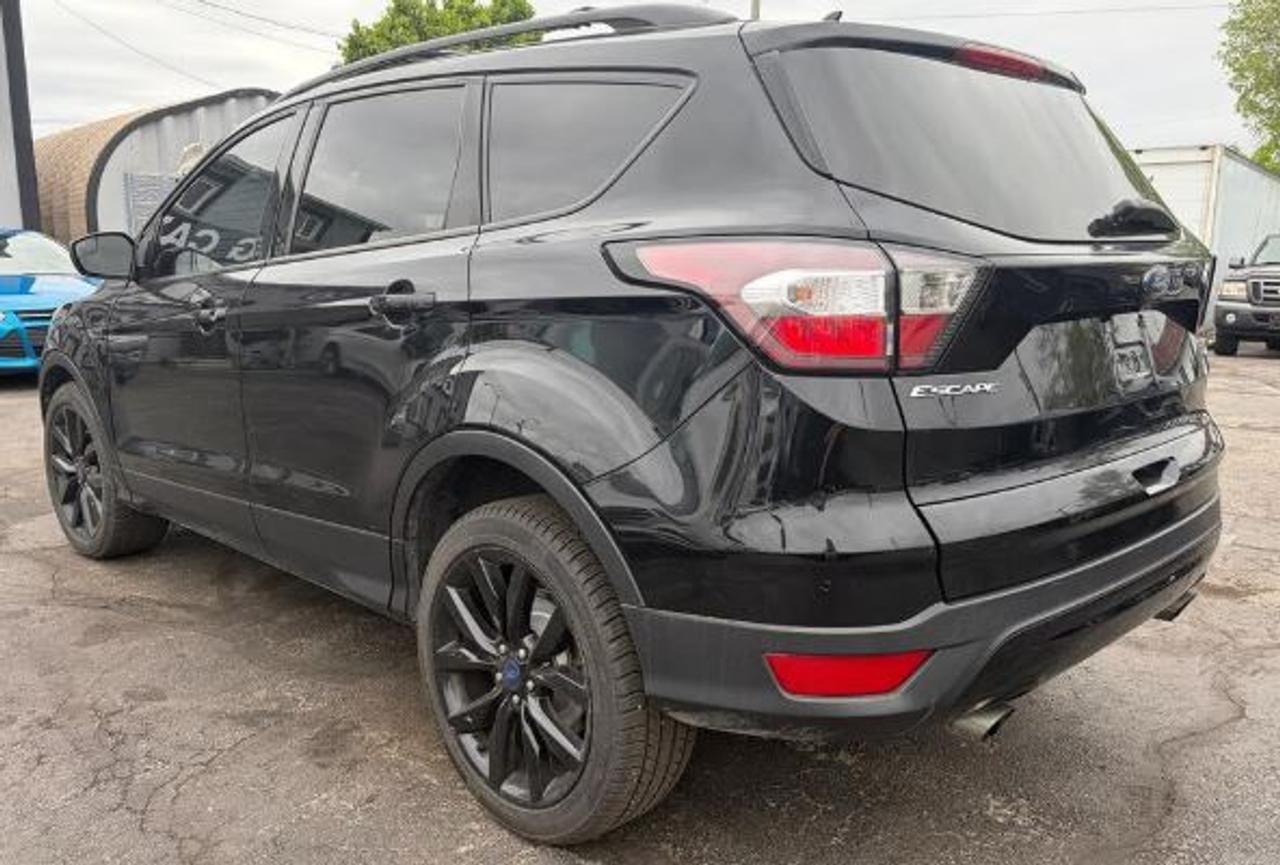 2018 Ford Escape SE Premium "Big Screen Nav & Cam" All Blk Pkg 4WD Photo
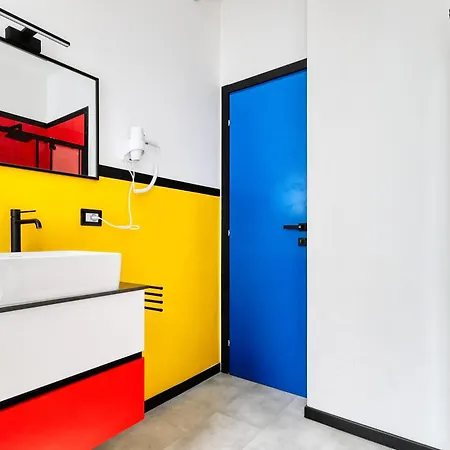 Casa Mondrian ميلان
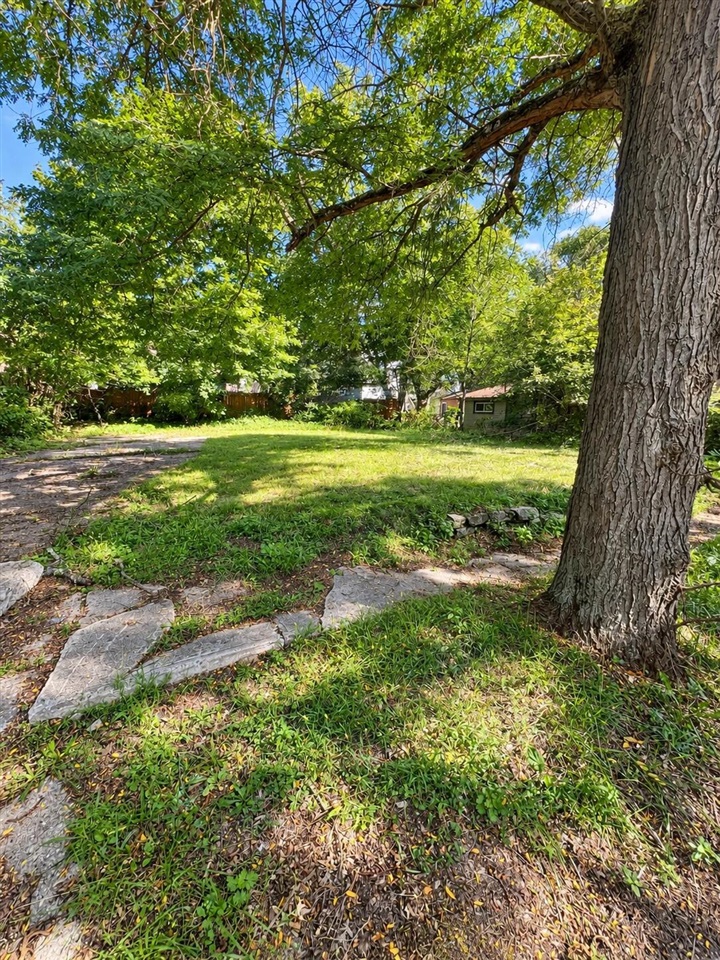 Photo 2 of Land for sale at 1215 Williams St, Jackson, MI 49203 | MLS# 70558309 | Listing updated on 2026-09-17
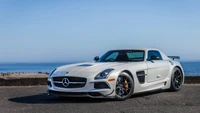 Mercedes-Benz SLS AMG: Элегантный производительный суперкар у океана.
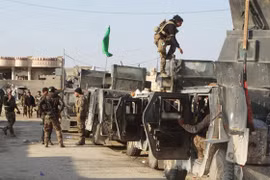Lực lượng chính phủ Iraq tại khu vực gần Ramadi ngày 24.12.2015 - Ảnh: Reuters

◇ ◇ ◇

**Problem to work on**: In the copy, omit the pictures and give every line of the data exactly.

**Solution for this problem**:
 2018 Ford Escape SE Premium "Big Screen Nav & Cam" All Blk Pkg 4WD Photo
 Casa Mondrian ميلان
 Photo 2 of Land for sale at 1215 Williams St, Jackson, MI 49203 | MLS# 70558309 | Listing updated on 2026-09-17
 Mercedes-Benz SLS AMG: Элегантный производительный суперкар у океана.
Lực lượng chính phủ Iraq tại khu vực gần Ramadi ngày 24.12.2015 - Ảnh: Reuters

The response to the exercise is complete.